** Opening DATASET EXTRACT block **

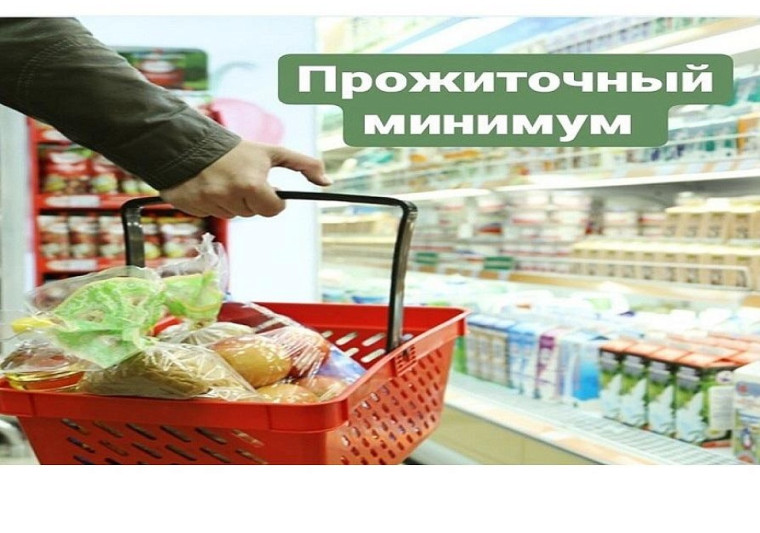 Прожиточный минимум на 2024 год. Прожиточный минимум на 2024 год.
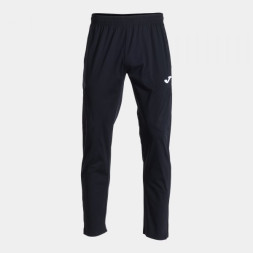 PANTALÓN LARGO RECORD III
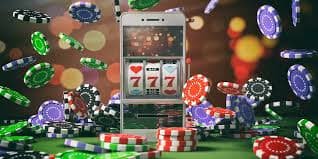 sz777 app homepage banner showing Philippines sportsbook and casino platform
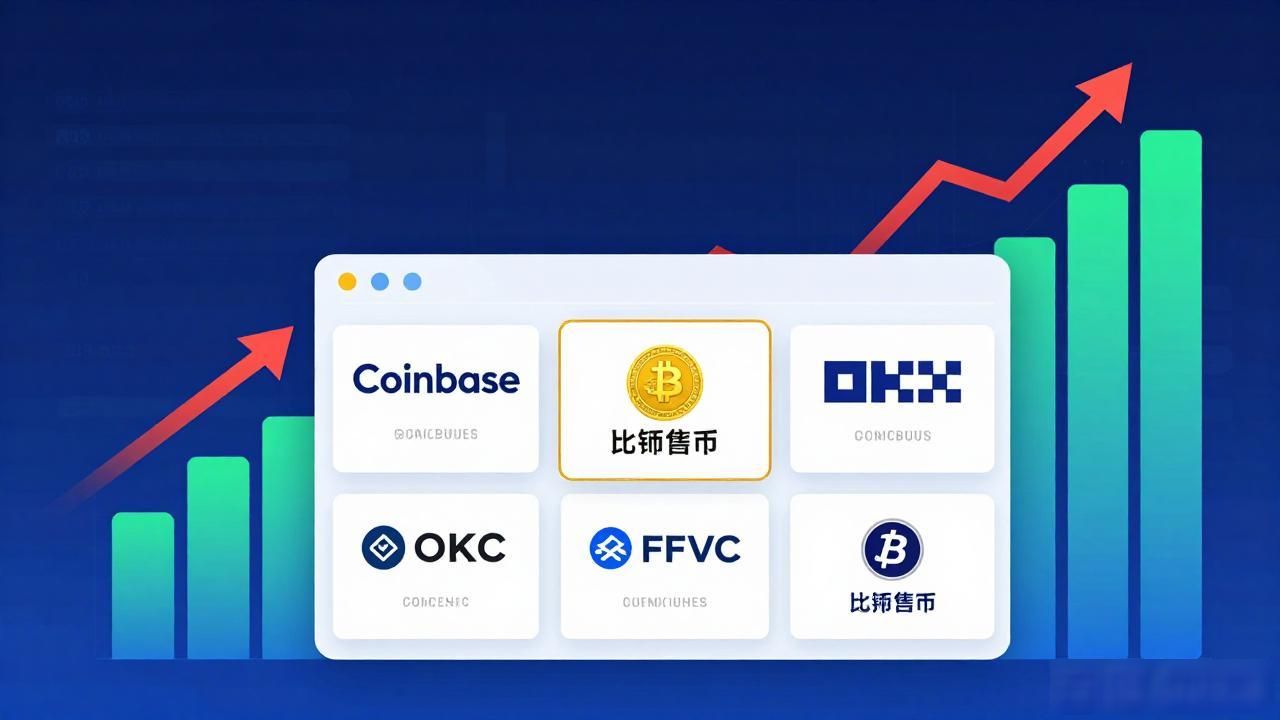 以太坊数字货币股怎么选？矿工、交易所、矿机制造三赛道深度解析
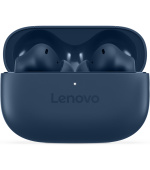 Lenovo TWS YOGA PC Edition - Cosmic Blue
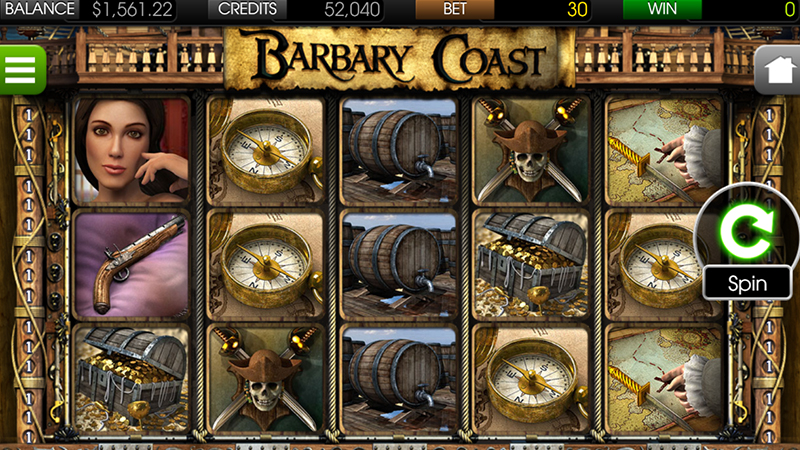 barbary-coast-buff-bet-casino-games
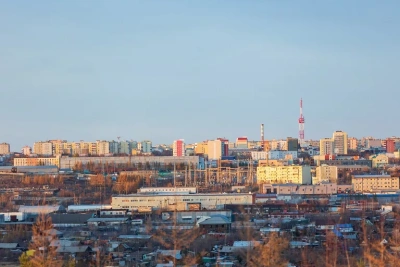 ИНК запускает первый рейтинг социальной ответственности для НКО и бюджетных учреждений / ЯСИА   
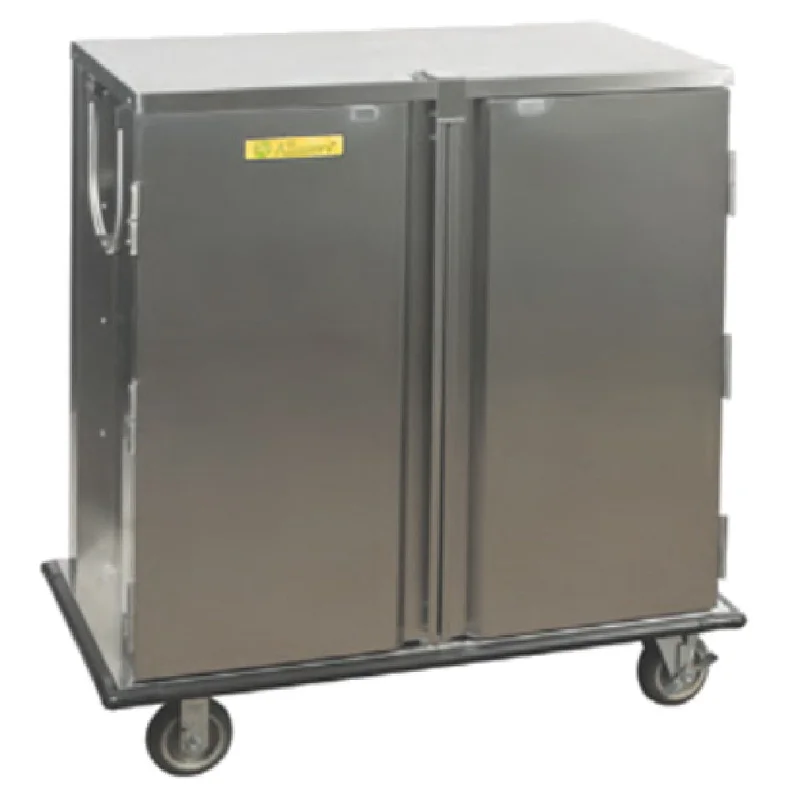 restaurantsupply2141578
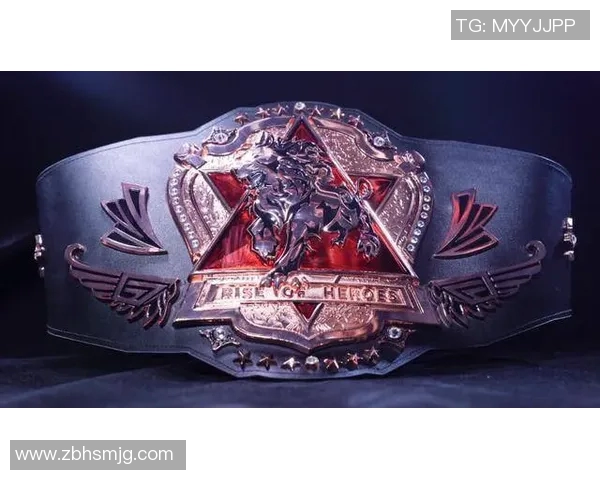 麦卡利斯特的传奇之路：从新星崛起到足球世界的璀璨明珠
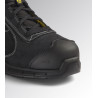 Bota de seguridad S3 RUN NET AIRBOX MASTER MID DIADORA 701.178838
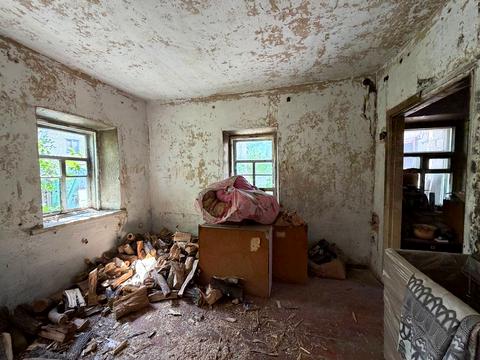 квартира по адресу Кабардинская ул., 48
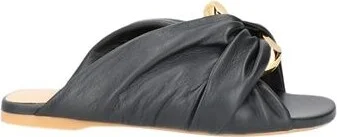 Jw Anderson Woman Sandals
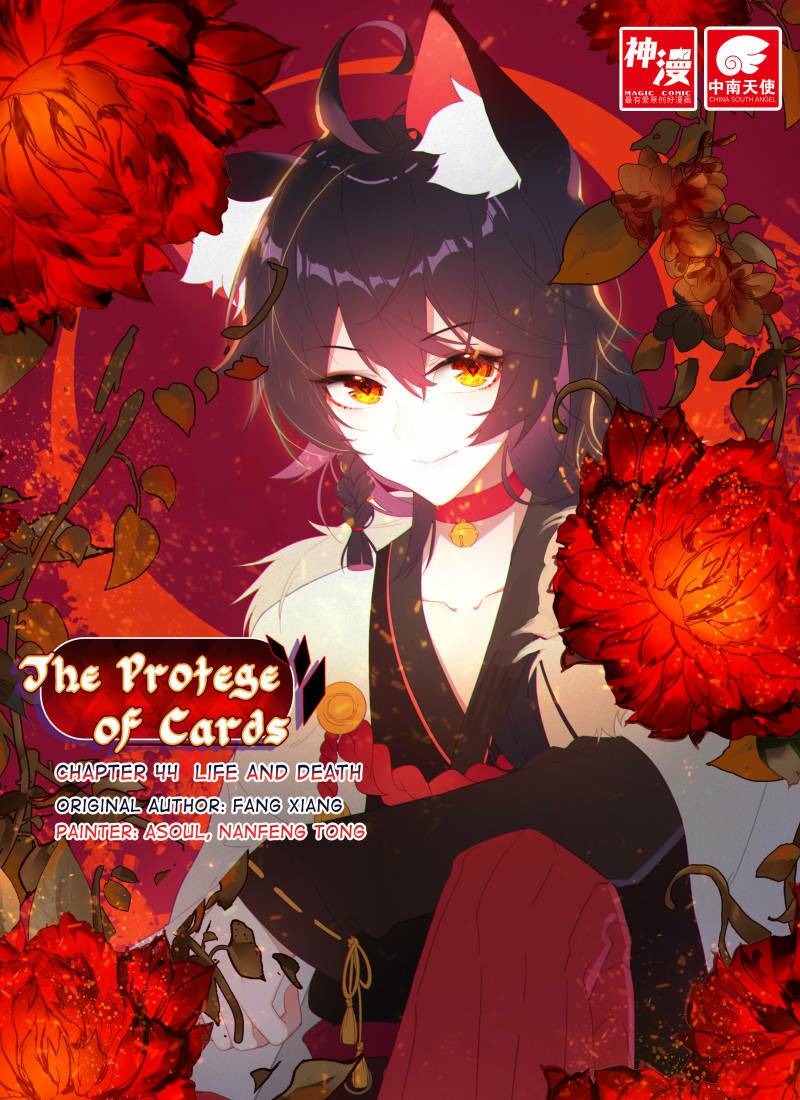 tạp đồ chapter 70 1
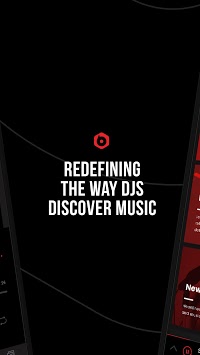 BPM Supreme APK screenshot 1 BPM Supreme APK screenshot 1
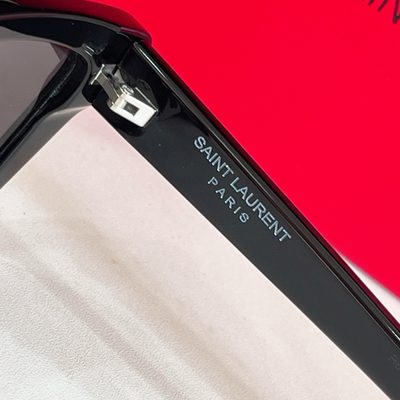 YSL Sunglasses — 6
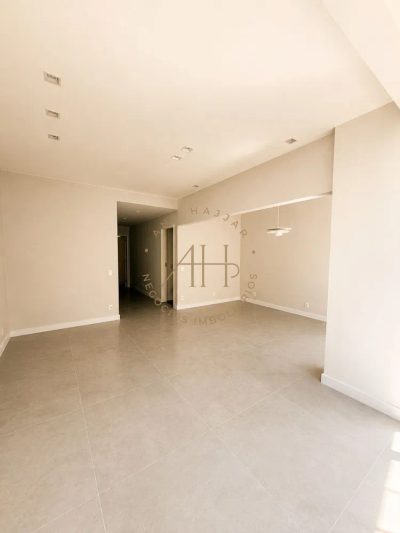 Apartamento, 3 quartos, 122 m² - Foto 4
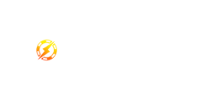 Instant Casino Logo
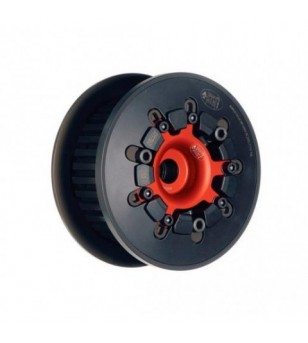 Embrayage anti-dribble STM Tm racing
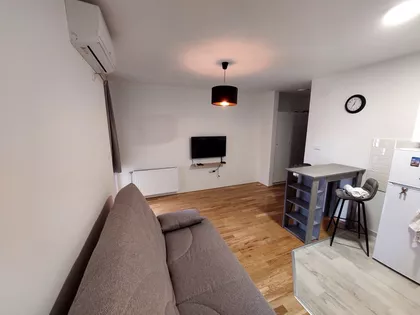 Radoja Domanovića 12 | 4zida.rs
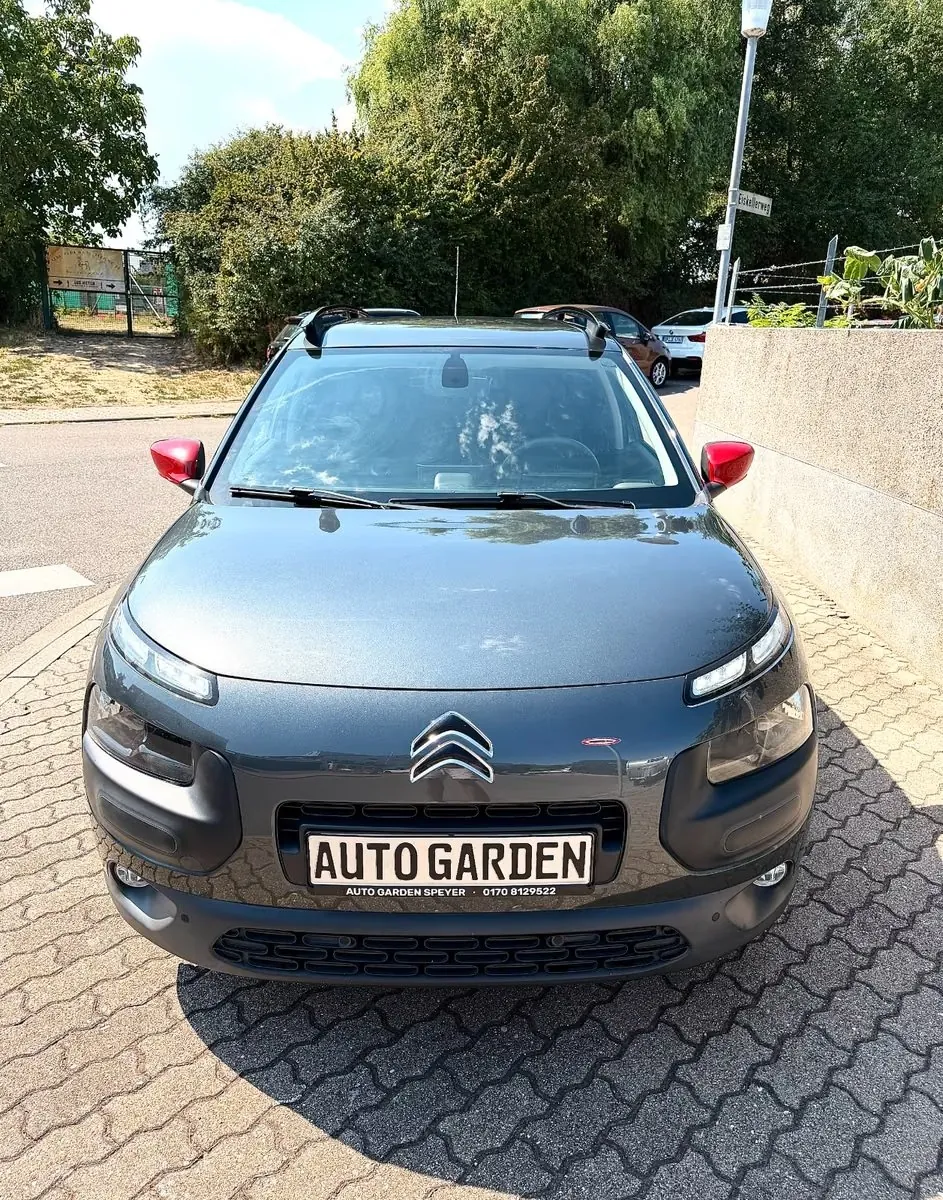 Bild 4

** Closing DATASET EXTRACT block **

| WHAT YOU WILL DO |
Starting with the line that contains "Embrayage anti-dribble STM Tm racing" and ending with the last line of the data above, transcribe exactly those lines and no others, without pictures.

| RESULT OF THIS EXERCISE |
 Embrayage anti-dribble STM Tm racing
 Radoja Domanovića 12 | 4zida.rs
 Bild 4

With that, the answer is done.